Warning: this post contains language that may be offensive to children or Packers fans.
This past week, Green Bay Packers guard T.J. Lang set a record – and it wasn’t on the field.
After losing to the Seattle Seahawks on a last-second, controversial call, Lang tweeted:
F*** it NFL.. Fine me and use the money to pay the regular refs.
— TJ Lang (@TJLang70) September 25, 2012
And with less than 140 characters, Lang added fuel to a fire that burned long into the night. Just moments prior, with no time left on the clock, Packers defensive back M.D. Jennings jumped up and appeared to intercept the football, but Seahawks receiver (and Notre Dame alum…) Golden Tate got his hands on it as the two fell to the ground. Two referees, replacements for the locked-out regular officials, each ruled differently on the play. In the end, they awarded a touchdown to Seattle.

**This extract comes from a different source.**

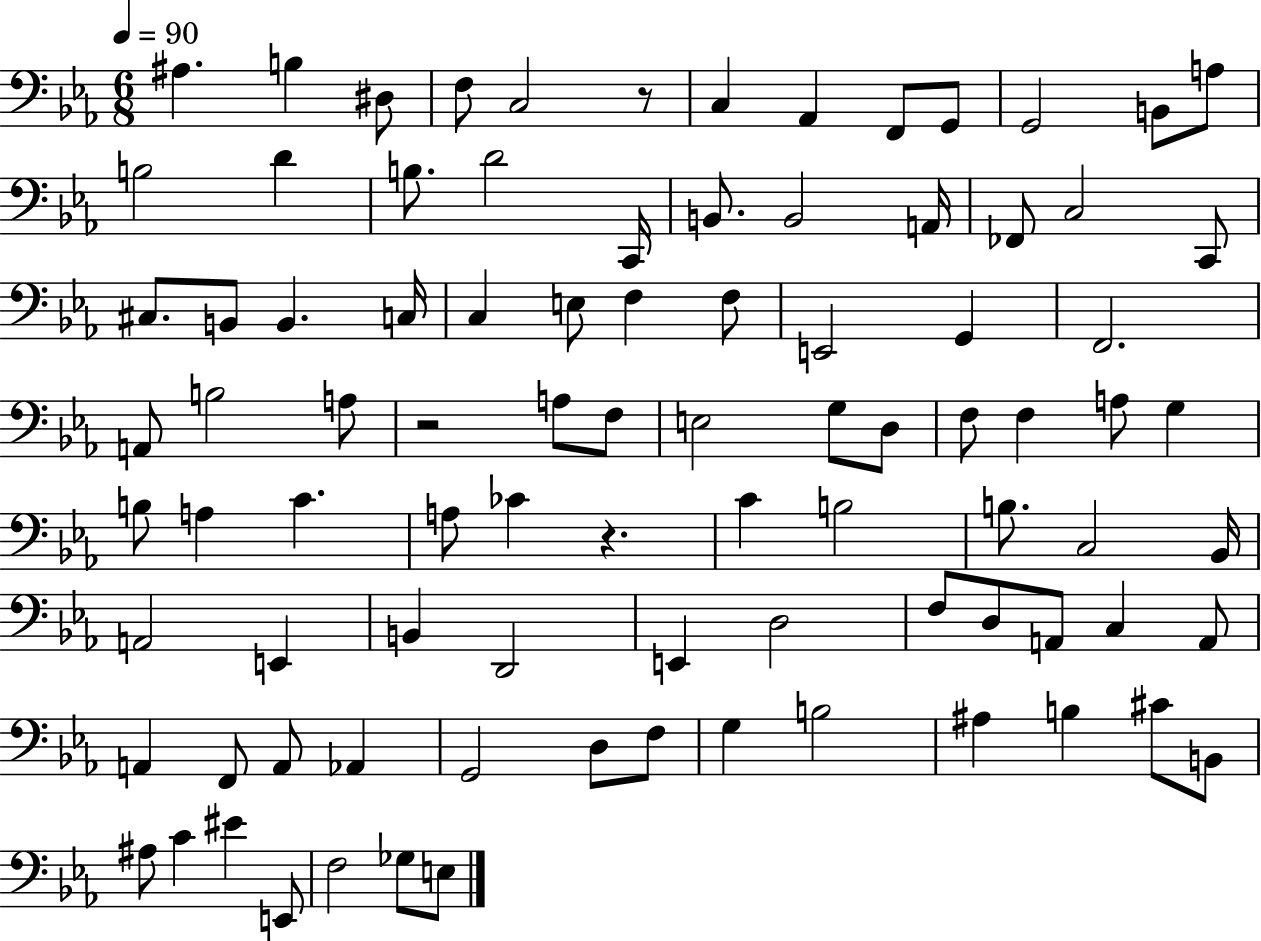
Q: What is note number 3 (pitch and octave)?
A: D#3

Less than two days later, the NFL compromised and agreed on a deal with the locked out referees. If Golden Tate’s not-so-simultaneous “catch” was the turning point of negotiations, then T.J. Lang’s tweet may have been the union’s biggest bargaining chip. 34 minutes later, over 40,000 people had retweeted him, and in just two days, it garnered over 90,000 retweets, making it the most retweeted post in Twitter history. Not only did Lang’s outburst reach almost 100,000 people (and many, many more that read it but didn’t retweet), but it gave an insight to how NFL players viewed the lockout and the presence of replacement referees.
Topics relating to the game, the call, and the replacements trended all night and into the next day. On Tuesday, Sportscenter and news stations across America lambasted the call, and by late Wednesday night, a deal was in place. And in the end, the NFL didn’t even fine Lang, presumably out of fear for the mob that is Twitter, including Lang’s 90,000 new followers. The league seems to be the latest victim of the “Power Law of Participation,” including the idea that a small group of people can reach a inversely large amount of followers – in Twitter’s case, within hours.
After all of this, we can all agree on one thing: it’s time for some hockey players to start tweeting.